Wisconsin converting in the clutch

Late-game offensive turnarounds, third-down dominance have sparked Badgers' 3-0 start

Wisconsin wrapped up its non-conference tour Saturday with its second consecutive near disaster offensively. When the game was on the line, though, the offense responded in impressive fashion. It is a scenario that cannot continue for long if the Badgers hope to make a run at the Big Ten title. The team's mettle, however, cannot be questioned.

Against UNLV the Badgers gained just 156 yards in their first nine offensive possessions. They had accumulated just 22 yards in four second-half possessions before taking over at their nine-yard line with 4:34 left in the third quarter. Sixteen plays and 91 yards later, Wisconsin had gobbled seven minutes and 15 seconds off the game clock and effectively sealed a victory when quarterback John Stocco found Darrin Charles for a five-yard touchdown, providing the eventual margin of victory, 18-3.

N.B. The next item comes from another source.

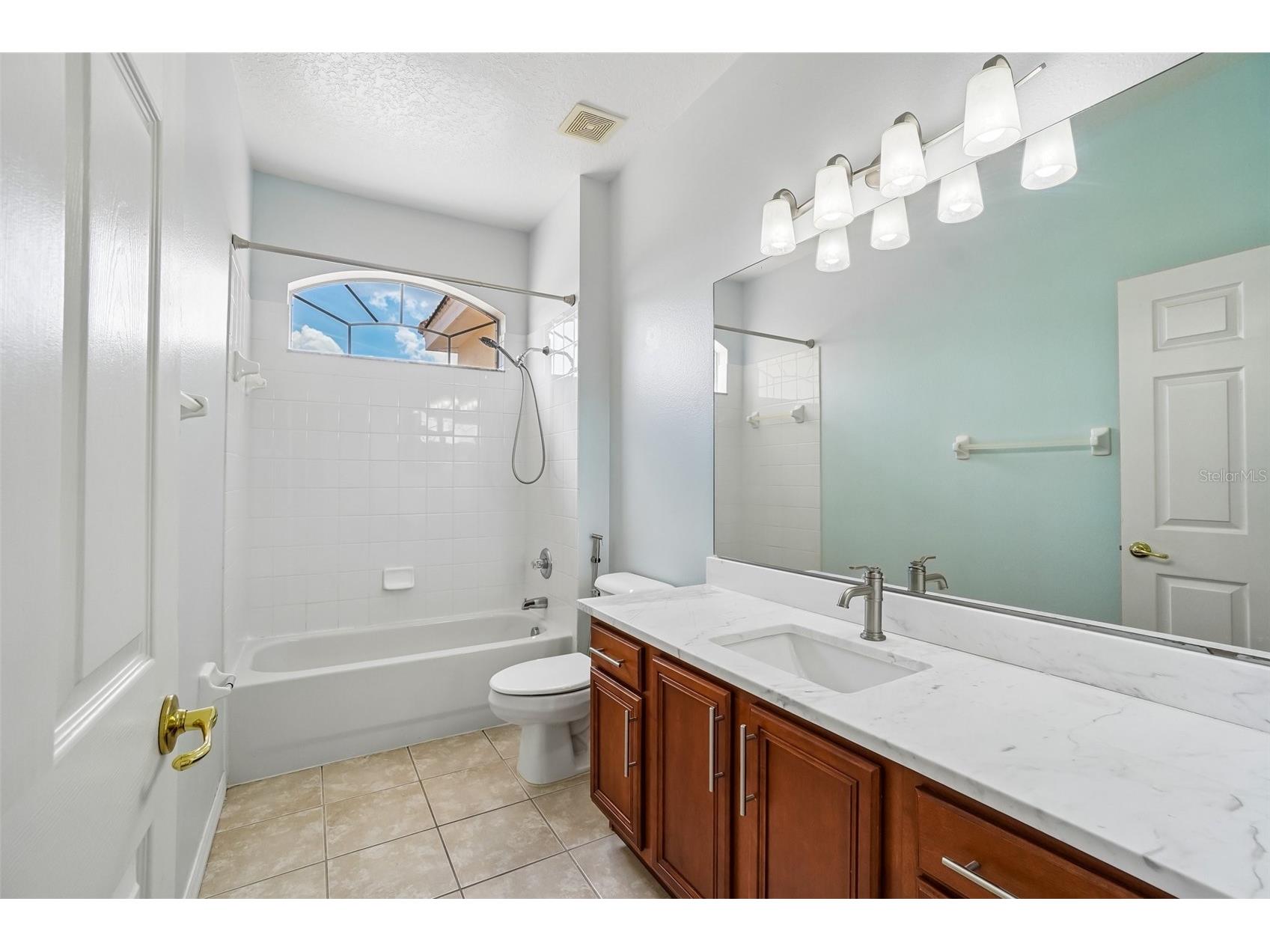 18032 Malakai Isle Drive Tampa FL 33647 - CORY LAKE TB8503443 image25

Trailing 7-0 with 4:04 left in the third quarter Saturday against Arizona, the Badgers had managed a paltry 131 yards and nine first downs. A 10-play, 56-yard touchdown drive and a 16-play, 72-yard field goal drive later, Wisconsin had pulled out a 9-7 victory to improve to 3-0.

"We talked about it last week. There is just tremendous character on our football team," offensive coordinator Brian White said. "We made plays down the stretch in the fourth quarter."

Against Arizona conversions were the key. The Badgers were 6-for-15 on third downs Saturday and 3-for-4 on fourth down.

Facing fourth-and-three at the Arizona 27 late in the third quarter, Wisconsin lined up with two backs and three tight ends. Stocco faked a handoff to tailback Booker Stanley and ran untouched around left end. The naked bootleg picked up eight yards before Stocco was forced out of bounds.

"It was a great call," Stocco said. "Before the ball is snapped I'm looking off the edge to see if there is anybody blitzing or anything like that. I didn't see anybody. We knew they had been coming down hard all game. We knew it should have been a good play and it worked out for us."

Three plays later Stanley sprinted into the end zone from seven yards out to pull the Badgers within 7-6 after a missed extra point.

The game-winning drive that followed relied on a number of clutch plays. With third-and-10 at the Wildcat 49 Stocco delivered a pass to Charles short of the first down marker. Charles strained and stretched for the mark, actually fumbling the ball out of bounds, and picked up the first down at the 39.

Four plays later, tight end Owen Daniels made a terrific catch to narrowly pick up a fourth-and-five.

The play kept a drive alive that resulted in Mike Allen's game-winning 23-yard field goal.

"There is character involved. That is what you always look for: guys that will compete and guys that will fight and not give up," head coach Barry Alvarez said. "We've had that happen before, down on the road and guys fight like crazy, find a way to win. That's important."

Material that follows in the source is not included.